Coq
du cac 40
chante.
D’aucuns décrètent
que ça vaut
260
fois plus haut
qu’un smic.
“Halte,
holà !”
ose-t-on
hurler ailleurs,
plus bas -
Sitôt Coq
se dresse
sur ses ergots
et menace
de quitter
la basse-cour.
Le 21 février 2012.
(Un poème de moi, un peu du même genre, a été publié sur le site de la revue Décharge, rubrique “Circonstancielles” de Jacques Morin.)
A propos Morgan Riet
Né en 1974 à Bayeux dans le Calvados.
Y réside toujours.
Ecrit parfois.
Textes publiés dans les revues suivantes :
Décharge, Comme en poésie, Gros Textes, Friches, L'Autobus, Traction-brabant, Microbe, Florilège, Le Capital des mots, Francopolis, Mauvaise graine, Poésie/Seine, les Nouveaux cahiers de l'Adour, Inédit Nouveau, les Tas de mots, Libelle, les Amis de Thalie, les Cahiers de poésie, les Cahiers de la rue Ventura et très prochainement Verso.

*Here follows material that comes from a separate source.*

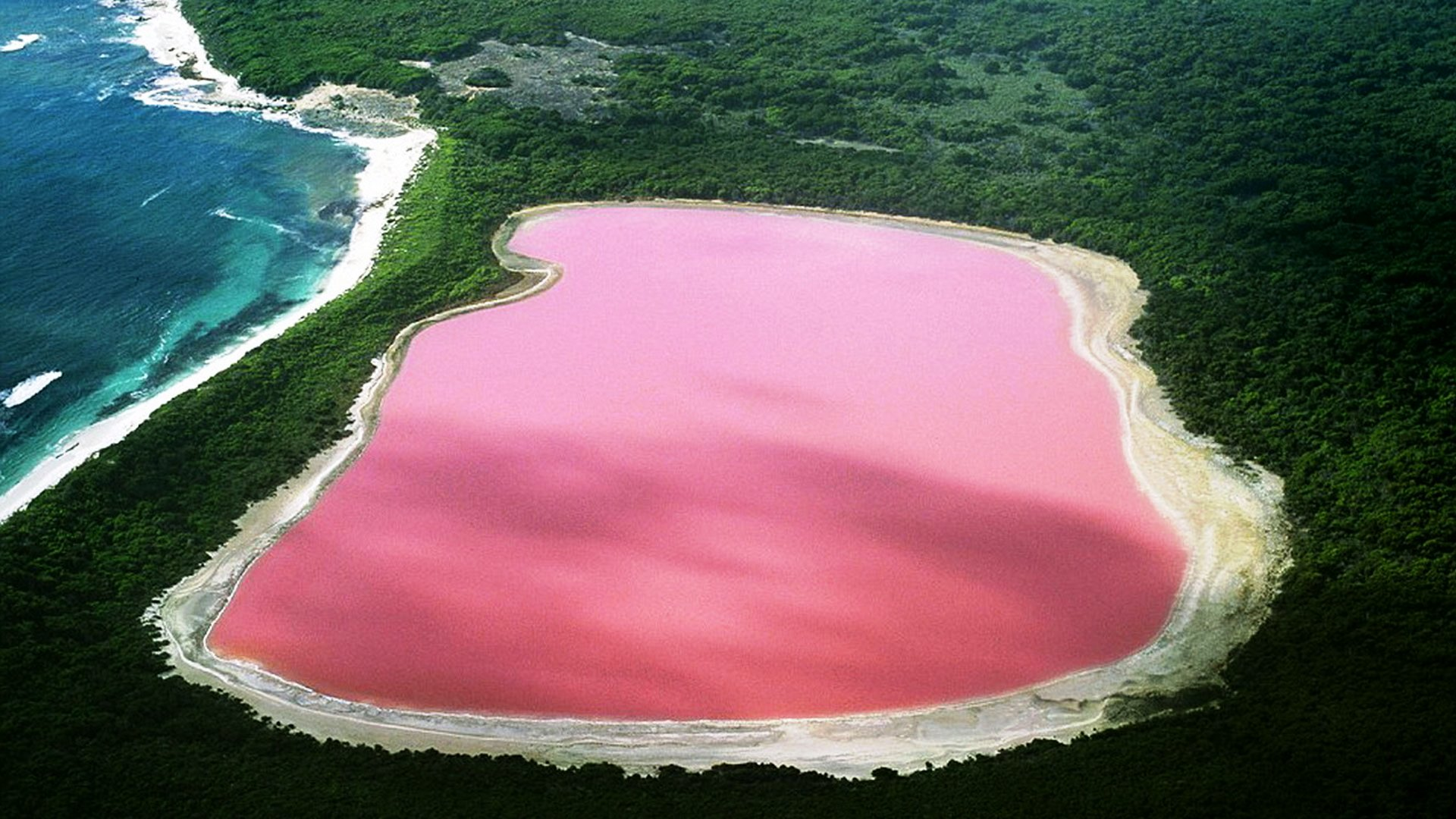 This Lake In Australia Is Pink. Here's Why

Présent dans l'Anthologie subjective sur le site du poète Guy Allix : http://guyallix.art.officelive.com/ , également dans l'anthologie "enfances" sur la Toile de l'un :http://amb.boudet.perso.sfr.fr/
ainsi que sur le blog Poésie maintenant de Pierre Maubé : http://poesiemaintenant.hautetfort.com/
2 recueils publiés aux Editions Clapàs : Lieu cherché, chemins battus (2007), En pays disparate (2010) ; 1 recueil paru chez Gros Textes : Du côté de Vésanie (2012) ; 1 mini-plaquette fabriquée à la maison : Midi juste environ (2011)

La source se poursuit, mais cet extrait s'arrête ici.